Improving Kubernetes Operations One Step at a Time

February 20, 2024 Corey Dinkens

The performance, scalability, and flexibility that Kubernetes offers are big reasons for its rapid adoption. At the same time, however, it’s not simple or easy to manage Kubernetes clusters, which means third party tools are practically a requirement as you scale.

I have been reminded of this a lot lately. While attending three major tech conferences in recent months, I spoke with a number of companies at varying phases of their Kubernetes journey. And regardless of where they were, many are facing similar challenges: Skills, resources, culture, and technology. My personal experiences are similar to the responses we’ve received for our  annual State of Kubernetes Report.

Many teams start with a DIY platform stitched together using various open source components. These early projects tend to be fine when managing a few clusters. However, as the number of clusters grow, so does the complexity and pain of managing secure and consistent clusters at scale. Don’t get caught up in the DIY trap thinking that it’s quick or easy to curate an end-to-end solution using the CNCF landscape—the devil is in the details as they say. Because Kubernetes is complex, there will be multiple considerations that need to be taken into account.

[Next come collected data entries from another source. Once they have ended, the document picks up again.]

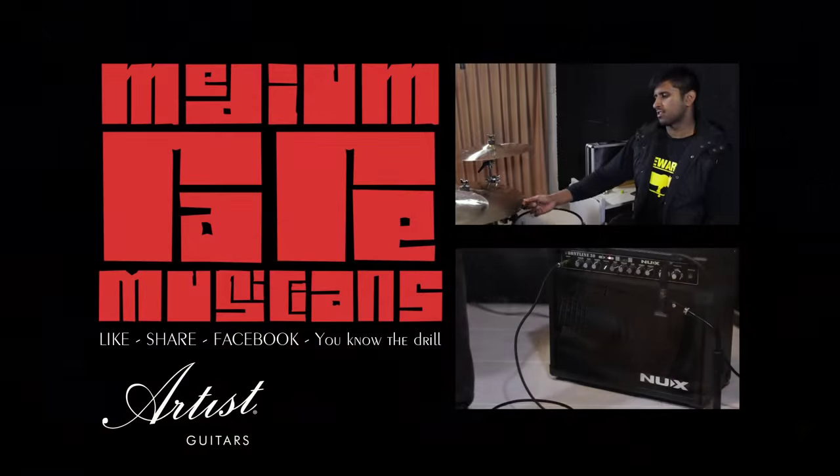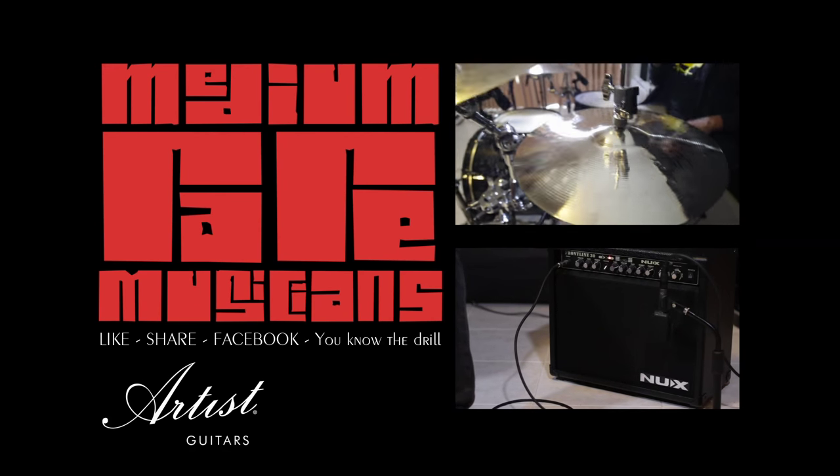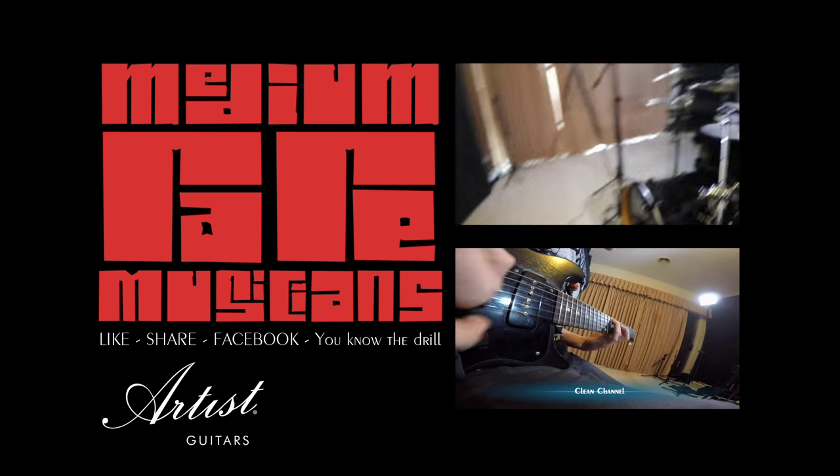Now for the bright rock line of cymbals from Artist Guitars. These cymbals come in a nice brilliant finish and they are very heavy. They're very well suited for rock and metal.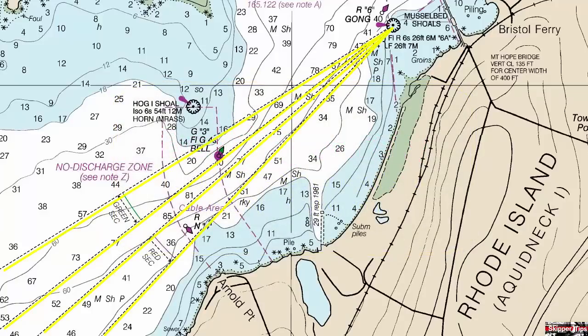Take a look at these lines that radiate from Mussel Bed Shoals light. You can see three specific sectors: a green sector, a central sector, and a red sector. The most common color of the central sector light will be white. We can verify this if we take a look at the characteristics shown next to the light.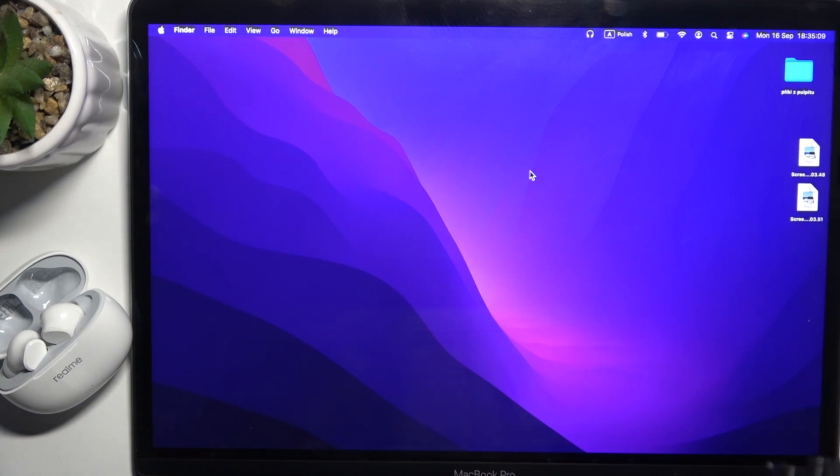Hello everybody and welcome! In this video I will show how to unpair your headphones Realme Buds T110 from your MacBook.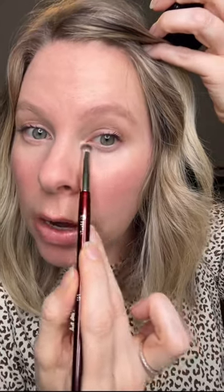You're gonna highlight the inner corner, but don't stop there — take it all the way across your lower lash line. See how that really brightened up my under eyes? I added a little bottom mascara on this eye so you could see what it looks like.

Who is going to deploy and support those solutions going forward? How will you deploy these solutions? Can all of this be automated? These are only the start of the questions that need to be answered.

Because I have always worked on small teams, efficiency and stability were paramount. Prior to my role at Tanzu by Broadcom, I was a Systems Admin (aka Platform Engineer) and a HelpDesk manager for national and international companies. That meant that I was  frequently working to identify areas for improvement and automation. 

Still doing things the hard way

For most of the customers I speak with, cluster management is a varying source of friction for factors both inside and outside of their control. Many are still managing operations via scripts that require manually adjusted values specific to each cluster. Unfortunately, this only solves one problem–deploying cluster(s) and packages. But how do you ensure they are continually updated? Often this means manually maintaining the packages and role-based access control (RBAC) permissions on all of your clusters where the package is running. We can easily see how this becomes a major bottleneck at scale.  

Today, this leaves many platform engineering teams with questions like: What happens when the sole person managing the Kubernetes deployment is out? Will operations grind to a halt until next week when the person returns to run the deployment scripts or apply needed RBAC changes? What if an application is flagged by InfoSec as holding a critical CVE that needs to be addressed today, or the app has to be taken offline?

In most cases, Kubernetes lives in a silo due to the dependence on understanding YAML, kubectl, and CLI syntax/commands, and this frequently prevents teams from involving other skilled, or maybe junior engineers from the support process.

Where do you begin? 

“The secret of getting ahead is getting started. The secret of getting started is breaking your complex overwhelming tasks into small manageable tasks, and starting on the first one.” -Mark Twain

There are several factors that make these challenges difficult to solve, including team dynamics, varying skill levels, budget, available resources, processes, and more. For many, just knowing where to begin can be a challenge. 

I recommend starting with things under your immediate control or things that can be changed with little friction. One of the ways to begin quantifying and breaking down complex tasks is by utilizing Little’s law. The overall idea is that if it takes you X minutes to do something, you can only do so many of those tasks within a given period of time. This can be used to quickly identify bottlenecks and inefficiencies. For example: If it takes you 5 minutes to log in to a cluster and update/deploy a package, updating 10 clusters will take you a minimum of 50 minutes to complete the task. I have noticed this is often forgotten as operators become inundated with day-to-day work, other projects, or fires that need to be put out. 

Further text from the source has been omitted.